• _WORK REQUEST_
Please work out how many lines in the material contain "with" and give only that figure.

• _INPUT DATA_

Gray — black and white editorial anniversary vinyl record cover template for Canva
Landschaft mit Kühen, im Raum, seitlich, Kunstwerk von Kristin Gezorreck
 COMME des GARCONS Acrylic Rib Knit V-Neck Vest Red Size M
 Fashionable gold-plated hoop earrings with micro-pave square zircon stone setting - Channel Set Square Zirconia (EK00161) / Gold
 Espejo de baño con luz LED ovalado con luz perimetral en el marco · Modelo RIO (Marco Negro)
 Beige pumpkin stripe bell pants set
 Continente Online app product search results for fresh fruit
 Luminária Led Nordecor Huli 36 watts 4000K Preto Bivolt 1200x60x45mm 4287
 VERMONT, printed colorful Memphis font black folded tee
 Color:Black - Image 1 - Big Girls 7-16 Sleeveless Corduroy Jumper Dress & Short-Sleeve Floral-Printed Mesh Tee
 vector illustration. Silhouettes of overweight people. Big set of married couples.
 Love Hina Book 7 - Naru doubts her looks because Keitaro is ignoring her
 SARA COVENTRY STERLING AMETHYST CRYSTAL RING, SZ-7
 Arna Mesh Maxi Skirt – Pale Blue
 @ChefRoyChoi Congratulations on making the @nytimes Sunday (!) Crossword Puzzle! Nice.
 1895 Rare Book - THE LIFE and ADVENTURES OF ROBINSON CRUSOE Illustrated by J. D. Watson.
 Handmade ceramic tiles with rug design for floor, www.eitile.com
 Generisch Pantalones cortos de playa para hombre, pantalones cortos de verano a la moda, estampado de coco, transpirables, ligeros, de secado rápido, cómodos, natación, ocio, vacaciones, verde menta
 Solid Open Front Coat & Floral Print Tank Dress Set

• _FINAL ANSWER_
2